The article highlights key ideas used in popular and successful versions of BERT. An understanding of BERT Transformer is required to fully grasp the article. Please refrain from directly copying content from the post. In case you want to use an excerpt or any original image, mention the link to the post.

Last weekend I went on a BERT-paper reading spree. I have been familiar with BERT for quite a while now, but the moment you read a BERT paper, probably there’s a researcher in a lab who’s burning GPUs on some new BERT version.

It’s freaking hard to keep track of all BERTs - BERT, Distil BERT, ALBERT, RoBERTa, TinyBERT, Longformer, etc. At first, I thought why to bother reading about every BERT version. Let’s wait and see who wins.

However, here’s what I realized -

Don’t fish for the winner. Fish for the ideas.

Instead of focusing on which BERT performs well, I started focusing on the ideas each version of BERT uses.

Ideas in Data Science are transferrable from one domain to another. SOTA performance is rarely reproducible on your specific problem.

This post is more like a handy reference than a tutorial or explanation. I mainly focus on the ideas that makes each of these models different.

Concept of Query, Key and Values in self-attention

When I first read about query, key and values in the paper Attention is all you need, I was confused. I could not relate the terms to the matrix operations happening in the self-attention layer. Soon I realized that it is very similar to Python dictionaries. In fact, it is nothing new at all!

Consider a dictionary my_dict with keys and values. When you make a query like my_dict[some_key], Python does an exact match of the query with the keys present in the dictionary. If the key is present, it returns a value, else it throws an error. Let’s call it hard-match. Think of it like you have M keys and a valid query will generate a one-hot vector of size M with one of the positions as 1 (where some_key is present) and the rest as 0.

BERT does something similar, except it is a soft-match. The query is a distributed vector representation. The keys are distributed keys. A matrix multiplication and then a softmax operation generates a vector of size M. Only this time the probability mass is distributed across keys (or words) instead of being one-hot.

Who’s faster - self-attention or RNN?

To take full advantage of parallel computing, we need as few sequential steps as possible. In RNNs, you need to finish computing the previous time-steps to start with a new one. Since RNNs are sequential by nature, parallelization is restricted.

The paper Attention is all you need provides a big-O time complexity analysis of various architectures. There are two components here - time complexity per layer and number of sequential operation.

Self-Attention -

Complexity per layer - O(d*n^2). d is the embedding dimension. n^2 because it computes attention weights for each word with respect to every other word. O(n) operations for each word and therefore O(n^2) for all the words.
Number of sequential steps - O(1). All n operations happen in a single time-step. Note that although all the N tokens are processed, none of them are sequential like a standard RNN.

RNN -

Complexity per layer - O(n*d^2). Matrix multiplication of the previous step’s hidden states with the weight matrix takes d^2 operations. For n-steps to be processed, O(n*d^2) operations are needed.
Number of sequential steps - O(n). All n operations happen in n time-step. Note that all the n tokens are processed sequentially.

So who is faster?

Now, n ranges from 1 to a few hundreds in monst cases. d ranges from hundreds to thousands (512-1024)

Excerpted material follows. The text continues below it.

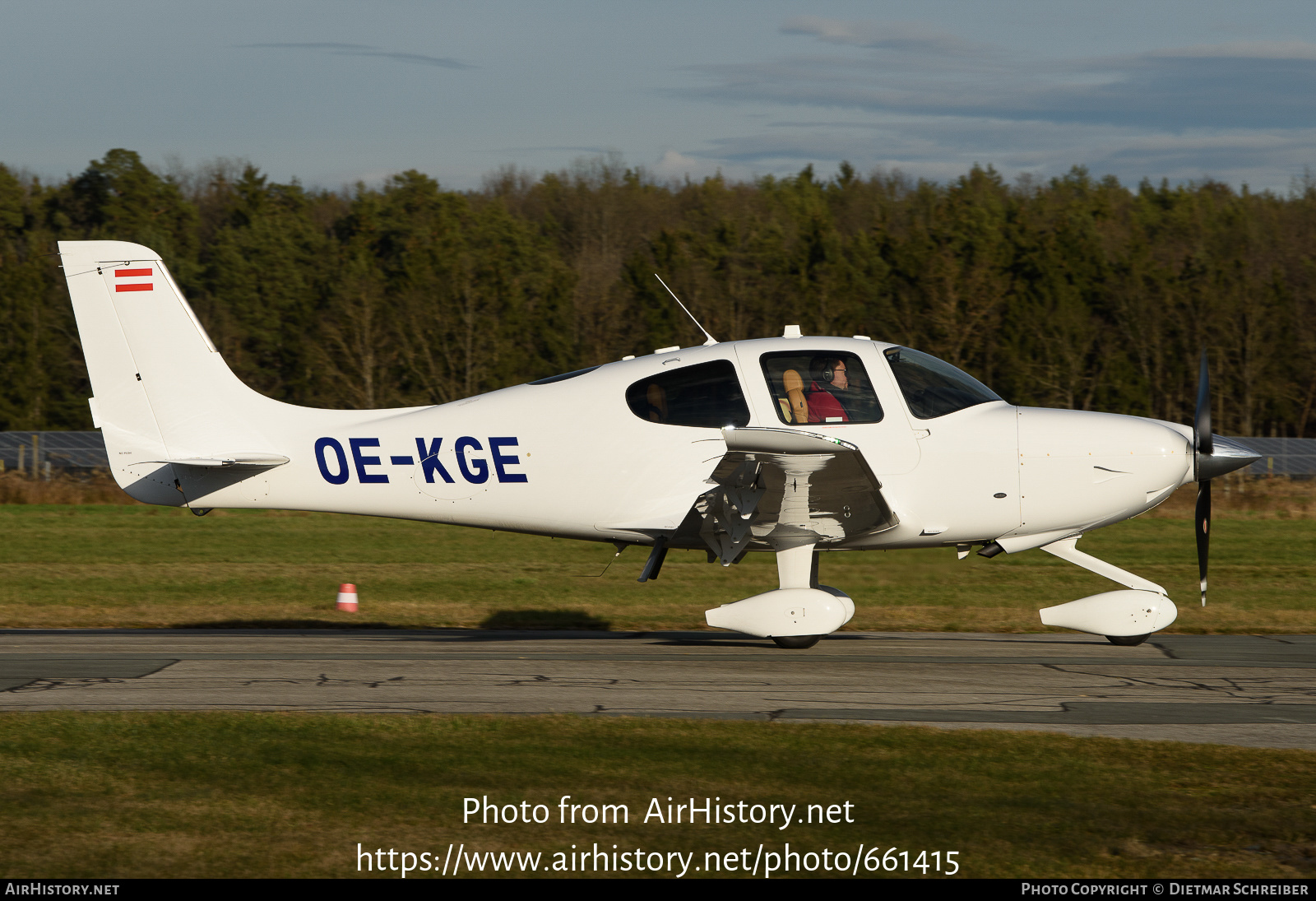 Aircraft Photo of OE-KGE | Cirrus SR-22T G6-GTS | AirHistory.net #661415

For n<d, which is a common cause, self-attention is faster. In addition, due to the minimum number of sequential steps it requires, it can be parallelized very easily.

Breaking the hidden-dimension barrier

Most NLP models deal with the problem of large vocabulary size. Apart from covering all possible words, another issue is that size of the model increases very quickly. In transformers, embedding matrix is of size (vocab_size, hidden_dimension). For large vocabularies like 50,000, doubling hidden dimension size from 512 to 1024 introduces 25.6 million parameters.

ALBERT, a lite version of BERT proposes a matrix factorization approach to solve this problem. If we decompose the embedding matrix into 2 matrices of size (vocab_size, some_dim) and (some_dim, hidden_dimension), we can grow the hidden_dimension without worrying too much about the memory used.

Is NSP too easy??

BERT uses a self-supervised loss called Next Sentence Prediction (NSP). The objective is to predict if, among a pair of sentences, the first sentence precedes the second one. Creating training data for this task is easy. Positive examples are built by picking consecutive sentence pair at random. Negative examples are built by picking ANY two sentences at random.

Authors of ALBERT argue that NSP is too easy. And there is a legitimate reason for that. If the model learns to predict the topic of sentences well, NSP is kinda solved. For negative examples, the pair would belong to different topics (since they are random). For positive examples, sentences would belong to the same topic (since they are consecutive).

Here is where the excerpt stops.